Pinguet F, Martel P, Fabbro M, Petit I, Canal P, Culine S, Astre C, Bressolle F
Laboratoire d'Onco-Pharmacologie, Centre Régional de Lutte contre le Cancer, Montpellier, France.
Anticancer Res. 1997 Jan-Feb;17(1B):605-11.
The pharmacokinetics of melphalan following high-dose (140 mg/m2) i.v. administration were determined in 20 patients with advanced malignancies undergoing peripheral blood hematopoietic progenitor-cell transplantation. Melphalan was assayed in plasma by a specific HPLC method with UV detection. Plasma levels of melphalan declined in a biexponential fashion with a mean terminal half-life of 83 minutes (range 52-168 minutes). Estimated peak plasma concentrations ranged from 1.65 to 14.5 micrograms/ml. Plasma levels were lower than the limit of quantitation of the method used (20 ng/ml) 24 hours after drug administration. The average volume of distribution and total clearance were 317 ml/min/m2 (range 127-797 ml/min/m2) and 37.9 l/m2 (range 15.4-108 l/m2), respectively. These parameters are similar to those reported in the literature. A weak correlation was found between total clearance of melphalan and creatinine clearance (p < 0.05). No relationship between the pharmacokinetics of melphalan and myelosuppression and non-hematologic toxicities was recovered. This pharmacokinetic study indicates that on the assumption that there is no more circulating melphalan after seven elimination half-lives, it may be possible to reinfuse autologous PBPC 10-20 hours after melphalan administration.

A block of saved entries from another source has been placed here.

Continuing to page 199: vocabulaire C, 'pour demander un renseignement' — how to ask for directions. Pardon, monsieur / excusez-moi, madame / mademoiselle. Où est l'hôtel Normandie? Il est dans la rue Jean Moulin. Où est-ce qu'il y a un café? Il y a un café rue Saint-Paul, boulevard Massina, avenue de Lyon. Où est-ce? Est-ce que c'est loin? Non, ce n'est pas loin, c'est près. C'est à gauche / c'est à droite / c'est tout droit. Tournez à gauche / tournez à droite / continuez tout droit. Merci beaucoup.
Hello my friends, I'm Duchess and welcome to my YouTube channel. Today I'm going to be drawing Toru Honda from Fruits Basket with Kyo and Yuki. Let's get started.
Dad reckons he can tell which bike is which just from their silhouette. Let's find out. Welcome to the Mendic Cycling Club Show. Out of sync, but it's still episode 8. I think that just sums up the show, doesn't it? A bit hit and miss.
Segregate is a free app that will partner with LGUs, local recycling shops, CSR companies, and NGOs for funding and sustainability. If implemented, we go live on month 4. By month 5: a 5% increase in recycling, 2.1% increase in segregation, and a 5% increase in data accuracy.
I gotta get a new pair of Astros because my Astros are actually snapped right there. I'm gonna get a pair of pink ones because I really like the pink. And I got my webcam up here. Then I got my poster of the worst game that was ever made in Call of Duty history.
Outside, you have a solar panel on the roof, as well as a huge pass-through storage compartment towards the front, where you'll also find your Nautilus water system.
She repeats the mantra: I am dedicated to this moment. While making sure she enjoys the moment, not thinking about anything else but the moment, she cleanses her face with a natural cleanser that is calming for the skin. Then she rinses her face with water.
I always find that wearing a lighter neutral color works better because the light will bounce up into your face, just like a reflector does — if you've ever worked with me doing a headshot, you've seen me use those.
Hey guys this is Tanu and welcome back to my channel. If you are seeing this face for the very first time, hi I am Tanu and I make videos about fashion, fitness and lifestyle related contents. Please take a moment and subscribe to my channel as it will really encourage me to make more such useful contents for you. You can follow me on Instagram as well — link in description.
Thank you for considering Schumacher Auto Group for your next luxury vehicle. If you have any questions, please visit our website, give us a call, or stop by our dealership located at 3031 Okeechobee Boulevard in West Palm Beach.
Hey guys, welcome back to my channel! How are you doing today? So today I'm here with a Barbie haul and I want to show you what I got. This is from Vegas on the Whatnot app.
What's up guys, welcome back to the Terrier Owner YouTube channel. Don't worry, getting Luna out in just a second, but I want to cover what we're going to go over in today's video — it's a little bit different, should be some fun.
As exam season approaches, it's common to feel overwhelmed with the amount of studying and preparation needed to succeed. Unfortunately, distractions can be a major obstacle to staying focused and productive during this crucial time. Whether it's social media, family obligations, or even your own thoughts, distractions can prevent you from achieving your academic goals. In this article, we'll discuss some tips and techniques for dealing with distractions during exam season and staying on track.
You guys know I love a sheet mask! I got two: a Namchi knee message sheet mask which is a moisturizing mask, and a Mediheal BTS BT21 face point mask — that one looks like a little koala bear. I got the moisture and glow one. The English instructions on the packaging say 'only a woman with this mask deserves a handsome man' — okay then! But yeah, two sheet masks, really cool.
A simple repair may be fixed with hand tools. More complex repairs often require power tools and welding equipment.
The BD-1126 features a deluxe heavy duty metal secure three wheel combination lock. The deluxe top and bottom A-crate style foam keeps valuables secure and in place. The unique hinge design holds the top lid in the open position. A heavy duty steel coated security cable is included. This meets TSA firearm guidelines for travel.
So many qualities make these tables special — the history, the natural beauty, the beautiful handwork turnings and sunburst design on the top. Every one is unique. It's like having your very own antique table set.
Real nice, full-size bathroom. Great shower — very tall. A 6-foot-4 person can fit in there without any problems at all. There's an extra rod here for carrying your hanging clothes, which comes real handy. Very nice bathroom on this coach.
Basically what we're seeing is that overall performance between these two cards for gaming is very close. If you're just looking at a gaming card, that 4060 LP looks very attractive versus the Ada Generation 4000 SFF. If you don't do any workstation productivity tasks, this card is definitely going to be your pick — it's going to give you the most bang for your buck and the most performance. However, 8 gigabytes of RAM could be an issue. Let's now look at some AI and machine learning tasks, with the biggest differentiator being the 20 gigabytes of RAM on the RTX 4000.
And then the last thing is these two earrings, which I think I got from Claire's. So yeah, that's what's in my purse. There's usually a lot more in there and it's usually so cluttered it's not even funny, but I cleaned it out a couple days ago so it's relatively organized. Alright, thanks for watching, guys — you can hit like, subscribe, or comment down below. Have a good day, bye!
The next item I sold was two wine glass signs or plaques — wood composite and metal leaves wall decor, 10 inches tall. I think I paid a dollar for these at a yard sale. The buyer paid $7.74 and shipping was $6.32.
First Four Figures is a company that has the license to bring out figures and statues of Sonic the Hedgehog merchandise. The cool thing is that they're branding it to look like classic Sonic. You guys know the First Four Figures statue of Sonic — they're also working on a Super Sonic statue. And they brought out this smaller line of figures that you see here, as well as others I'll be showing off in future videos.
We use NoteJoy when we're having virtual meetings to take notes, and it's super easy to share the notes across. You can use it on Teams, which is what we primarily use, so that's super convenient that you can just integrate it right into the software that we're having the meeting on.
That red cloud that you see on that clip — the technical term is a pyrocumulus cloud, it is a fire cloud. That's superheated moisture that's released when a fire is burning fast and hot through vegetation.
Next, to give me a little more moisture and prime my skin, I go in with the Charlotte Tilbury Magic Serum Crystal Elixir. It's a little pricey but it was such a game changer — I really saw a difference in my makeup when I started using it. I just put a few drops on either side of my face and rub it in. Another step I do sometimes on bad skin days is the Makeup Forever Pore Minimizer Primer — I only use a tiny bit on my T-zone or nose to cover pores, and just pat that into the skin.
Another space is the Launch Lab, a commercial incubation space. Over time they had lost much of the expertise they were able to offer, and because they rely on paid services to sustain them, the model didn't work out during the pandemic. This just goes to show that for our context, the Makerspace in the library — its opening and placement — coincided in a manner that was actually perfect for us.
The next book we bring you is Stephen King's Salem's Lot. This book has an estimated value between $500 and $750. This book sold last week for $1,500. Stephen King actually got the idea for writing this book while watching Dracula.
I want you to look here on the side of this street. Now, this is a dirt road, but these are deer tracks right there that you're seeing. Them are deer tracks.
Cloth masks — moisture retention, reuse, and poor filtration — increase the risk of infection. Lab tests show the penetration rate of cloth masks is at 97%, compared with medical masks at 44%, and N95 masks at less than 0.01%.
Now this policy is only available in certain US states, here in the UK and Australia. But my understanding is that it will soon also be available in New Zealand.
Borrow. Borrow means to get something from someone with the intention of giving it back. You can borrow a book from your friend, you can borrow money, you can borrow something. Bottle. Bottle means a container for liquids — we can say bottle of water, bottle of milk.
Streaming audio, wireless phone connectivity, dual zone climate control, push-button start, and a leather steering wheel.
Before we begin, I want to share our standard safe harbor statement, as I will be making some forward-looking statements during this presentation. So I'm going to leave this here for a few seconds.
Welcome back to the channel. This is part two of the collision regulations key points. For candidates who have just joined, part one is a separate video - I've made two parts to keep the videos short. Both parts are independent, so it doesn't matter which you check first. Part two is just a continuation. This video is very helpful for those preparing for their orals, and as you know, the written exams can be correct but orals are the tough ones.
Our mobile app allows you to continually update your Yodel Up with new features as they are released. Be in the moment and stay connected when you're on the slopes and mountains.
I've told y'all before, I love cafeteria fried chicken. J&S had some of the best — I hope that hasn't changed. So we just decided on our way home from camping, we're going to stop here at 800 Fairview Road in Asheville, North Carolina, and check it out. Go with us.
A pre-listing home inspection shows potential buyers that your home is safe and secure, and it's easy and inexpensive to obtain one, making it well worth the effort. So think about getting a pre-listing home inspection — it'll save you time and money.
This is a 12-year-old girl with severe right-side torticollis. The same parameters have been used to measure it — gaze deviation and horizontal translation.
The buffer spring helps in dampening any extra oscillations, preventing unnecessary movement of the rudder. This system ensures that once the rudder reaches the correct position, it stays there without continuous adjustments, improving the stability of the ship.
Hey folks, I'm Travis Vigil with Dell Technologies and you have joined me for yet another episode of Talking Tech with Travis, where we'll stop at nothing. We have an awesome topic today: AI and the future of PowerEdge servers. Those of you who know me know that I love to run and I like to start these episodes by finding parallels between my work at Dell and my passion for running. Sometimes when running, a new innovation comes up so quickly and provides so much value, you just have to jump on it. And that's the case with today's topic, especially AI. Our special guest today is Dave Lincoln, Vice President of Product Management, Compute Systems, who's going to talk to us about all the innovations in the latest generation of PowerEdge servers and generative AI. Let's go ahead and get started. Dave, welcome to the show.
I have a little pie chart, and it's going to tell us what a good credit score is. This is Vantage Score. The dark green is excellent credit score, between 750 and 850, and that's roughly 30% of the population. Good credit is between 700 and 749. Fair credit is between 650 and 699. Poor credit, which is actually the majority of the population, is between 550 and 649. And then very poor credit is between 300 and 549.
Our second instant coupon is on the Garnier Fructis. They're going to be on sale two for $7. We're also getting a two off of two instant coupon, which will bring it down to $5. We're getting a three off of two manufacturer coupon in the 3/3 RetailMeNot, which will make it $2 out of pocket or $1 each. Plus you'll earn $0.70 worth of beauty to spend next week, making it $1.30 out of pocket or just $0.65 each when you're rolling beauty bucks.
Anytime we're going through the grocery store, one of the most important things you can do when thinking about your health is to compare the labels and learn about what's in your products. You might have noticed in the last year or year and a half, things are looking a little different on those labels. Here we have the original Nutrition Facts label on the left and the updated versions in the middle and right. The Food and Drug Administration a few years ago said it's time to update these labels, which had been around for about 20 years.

在20例接受外周血造血祖细胞移植的晚期恶性肿瘤患者中,测定了大剂量(140mg/m²)静脉注射美法仑后的药代动力学。采用具有紫外检测的特定高效液相色谱法测定血浆中美法仑的含量。美法仑的血浆水平呈双指数下降,平均终末半衰期为83分钟(范围52 - 168分钟)。估计的血浆峰浓度范围为1.65至14.5μg/ml。给药24小时后,血浆水平低于所用方法的定量限(20ng/ml)。平均分布容积和总清除率分别为317ml/min/m²(范围127 - 797ml/min/m²)和37.9l/m²(范围15.4 - 108l/m²)。这些参数与文献报道的相似。发现美法仑的总清除率与肌酐清除率之间存在弱相关性(p < 0.05)。未发现美法仑的药代动力学与骨髓抑制和非血液学毒性之间存在关联。这项药代动力学研究表明,假设在七个消除半衰期后不再有循环的美法仑,那么在美法仑给药后10 - 20小时回输自体外周血祖细胞可能是可行的。